Die ersten neuen Helme für die Saison 2006 sind eingetroffen. MOTORRAD hat sich fünf interessante Modelle herausgepickt und in Labor und Praxis getestet.

Nicht alles, was als Neuheit angekündigt wird, ist wirklich neu. Das gilt auch für den Helmmarkt. Oft ändern sich
nur Kleinigkeiten wie das Dekor oder eine Belüftungsklappe,
und schon sprechen manche Hersteller von einem neuen Helm.
Lässt man diese Modelle außer Acht, bleiben gar nicht so
viele übrig, die 2006 den Markt bereichern. Allerdings sind
etliche 2006er-Modelle erst im Frühjahr lieferbar. Einem ersten Test stellen sich Integralhelme von Arai, HJC, Ixs, Nolan und Uvex. Diese fünf neu entwickelten Kandidaten sind dafür
besonders interessant, alle bieten ganz spezielle Details. Beim
HJC beispielsweise handelt es sich um den weltweit ersten Voll-
karbonhelm aus einer speziell gewebten Karbonfaser (3K-thread-Carbon), der Nolan besitzt als erster Integralhelm eine von außen aufgesteckte Sonnenblende.
Das Testprocedere umfasste einen ausgiebigen Praxistest und einen Stoßdämpfungstest auf dem kalibrierten Prüfstand des
TÜV in Köln (siehe Tabelle auf Seite 74).

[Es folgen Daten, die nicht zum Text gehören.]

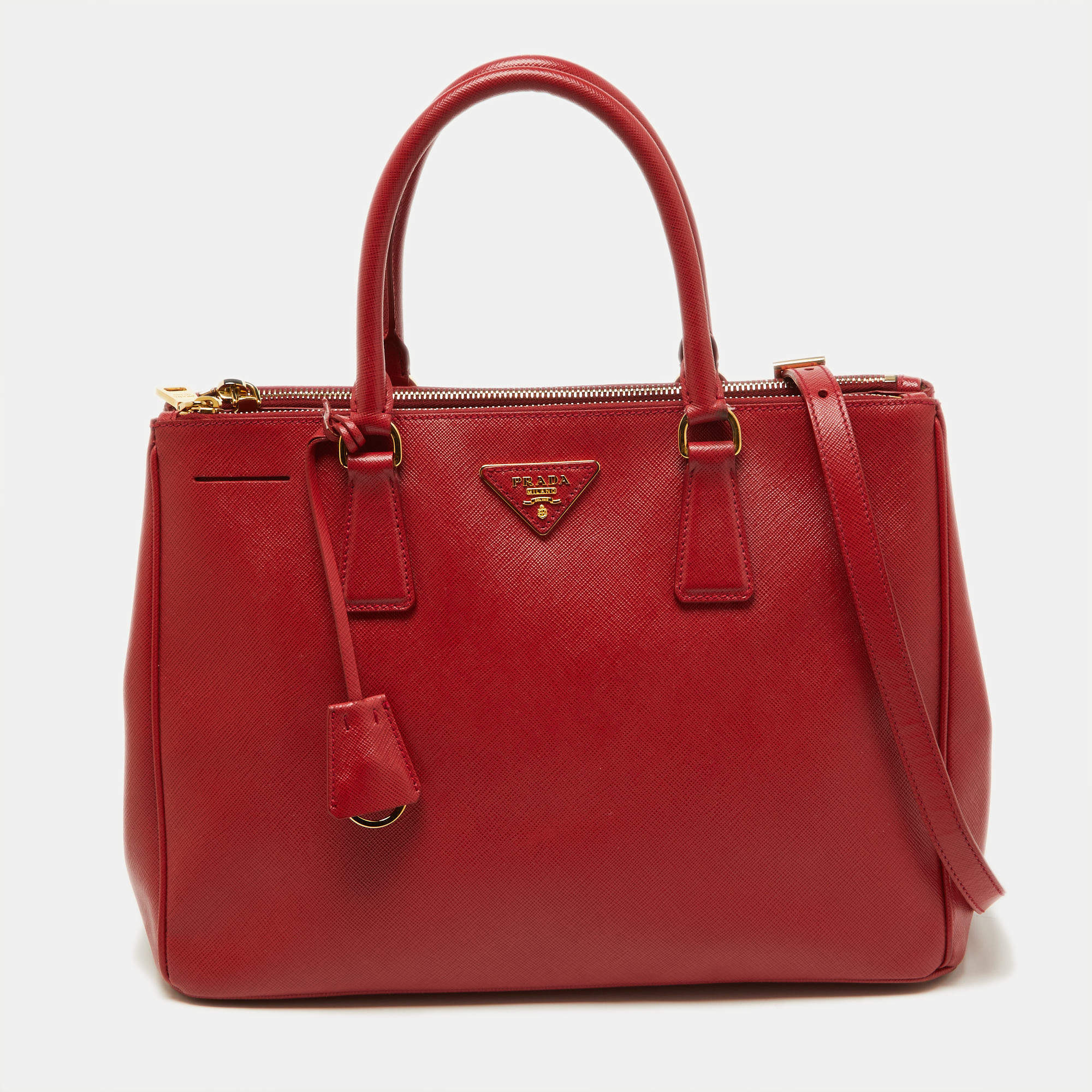Pre Owned Prada Red Saffiano Lux Leather Medium Double Zip Tote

Der Stoßdämpfungstest erfolgte bei einer Temperatur von minus 20 Grad Celsius mit dem flachen Amboss – der laut vielen Experten höchsten Anforderung nach der aktuellen Prüfungsnorm ECE 22.05. Helme, die bei
diesen Bedingungen die zulässigen Grenzwerte einhalten, sollten auch bei höheren Prüftemperaturen und der zweiten in der
ECE verankerten Ambossform (Kantenamboss) keine Schwierigkeiten bekommen. Die zulässigen Grenzwerte betragen bei der Beschleunigung 275 g und beim HIC-Wert 2400. Letzterer gilt als Maß für die zu erwartenden Schädel-Hirn-Verletzungen. Erfreulich: Alle Probanden lagen – teilweise sogar deutlich – unter den zulässigen Grenzwerten.

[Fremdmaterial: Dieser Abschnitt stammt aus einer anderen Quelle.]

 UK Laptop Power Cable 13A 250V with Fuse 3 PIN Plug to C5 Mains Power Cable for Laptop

In der Praxis hinterließen die Helme ebenfalls einen überwiegend positiven Eindruck. Die größten Unterschiede ergaben sich im Kriterium Belüftung. Nach wie vor gelingt es nur ganz
wenigen Herstellern, für eine ausreichende und vor allem gut spürbare Kopfbelüftung zu sorgen. Arai und HJC gehören zu den am besten belüfteten Modellen im vorliegenden Vergleich. Aufgrund der außerdem sehr gut zu bedienenden Belüftungstasten schneidet der HJC HQ-1 in diesem Kriterium insgesamt am besten ab – die oben liegenden, klitzekleinen Arai-Kippschalter sind beim Fahren mit Handschuhen kaum zu finden und schlecht zu verstellen. Das trifft ebenso auf die Schalter des Ixs-Helms zu.
Der Schiebeschalter bei Nolan ist zwar ausreichend groß, aber so flach, dass auch er mit Handschuhen kaum zu ertasten ist.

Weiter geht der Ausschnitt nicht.